» What is being asked
In the listing that follows, the range to quote begins at the line that has "Callaway Distansbollar-Supersoft 25" and ends after the line that has "Can of soda drink icon illustration"; quote it verbatim and add nothing.
Records for the task below:
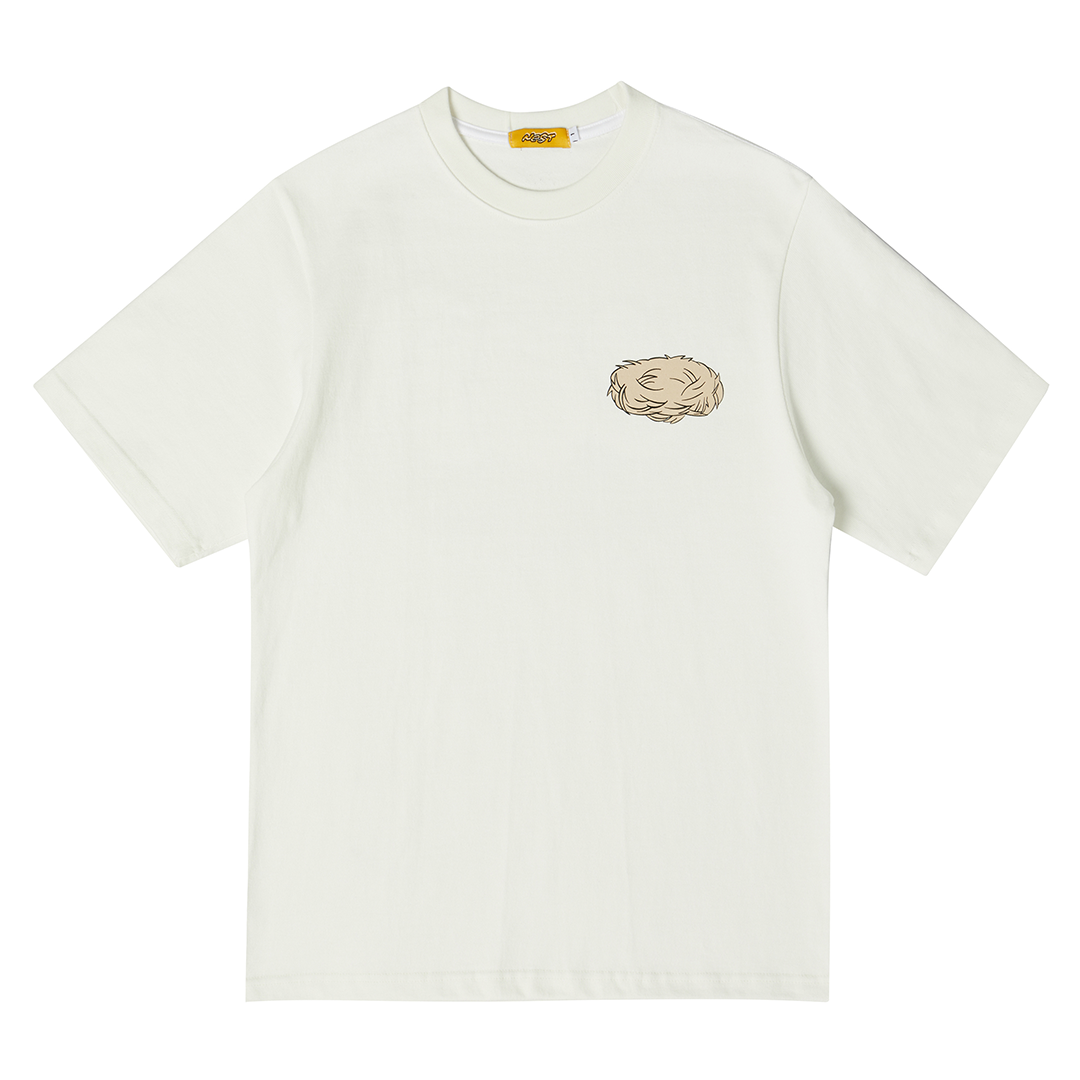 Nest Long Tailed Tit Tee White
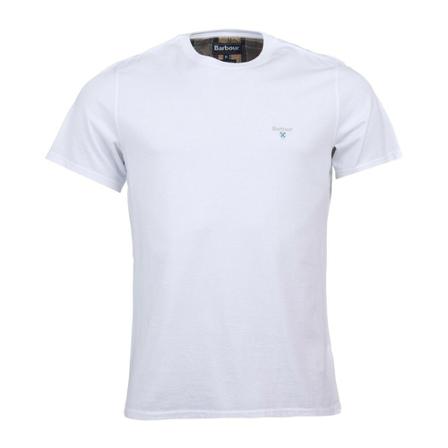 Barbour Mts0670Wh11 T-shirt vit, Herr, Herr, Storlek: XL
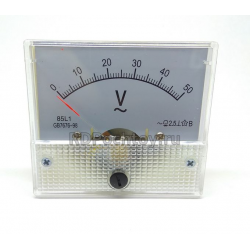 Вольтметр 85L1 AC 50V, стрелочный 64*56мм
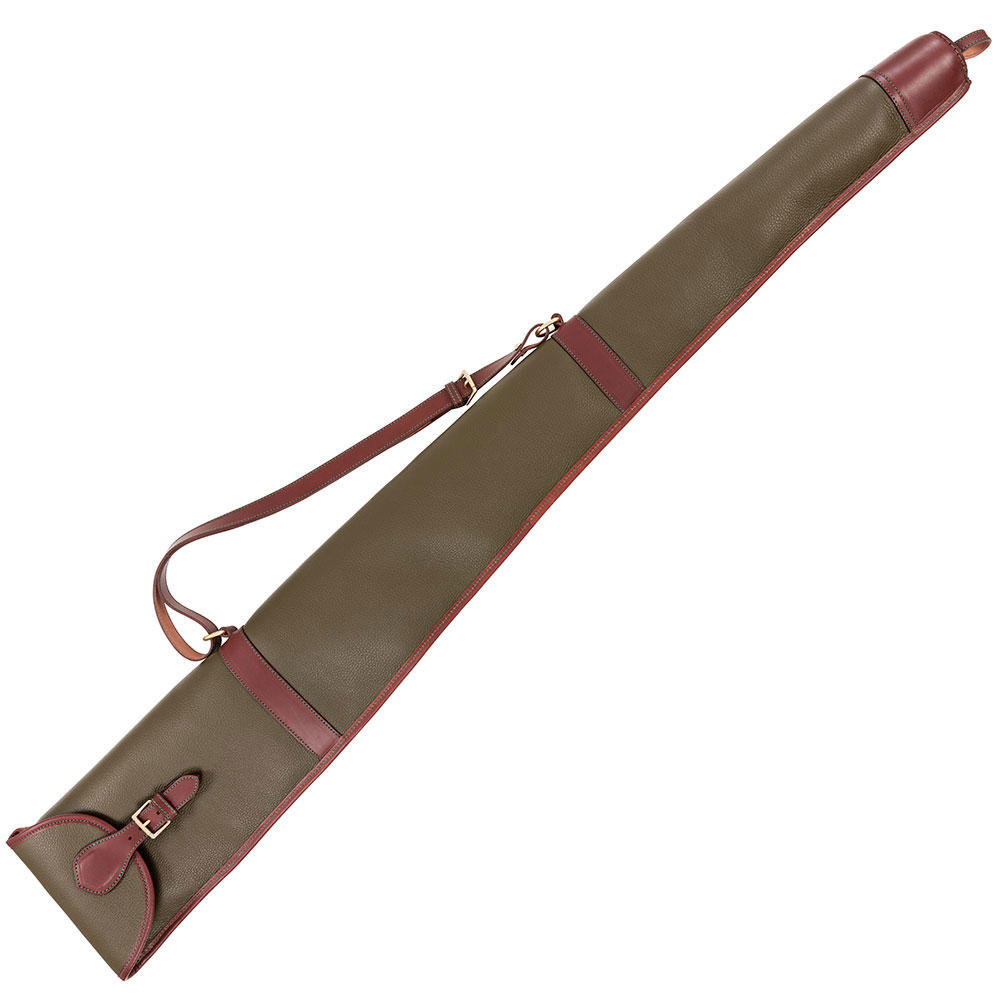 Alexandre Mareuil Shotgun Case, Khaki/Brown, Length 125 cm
End of Records for the task.
Records for the task below:
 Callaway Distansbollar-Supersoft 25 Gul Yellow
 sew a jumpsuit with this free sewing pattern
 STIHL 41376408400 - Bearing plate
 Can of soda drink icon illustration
End of Records for the task.
» Answer box
 Callaway Distansbollar-Supersoft 25 Gul Yellow
 sew a jumpsuit with this free sewing pattern
 STIHL 41376408400 - Bearing plate
 Can of soda drink icon illustration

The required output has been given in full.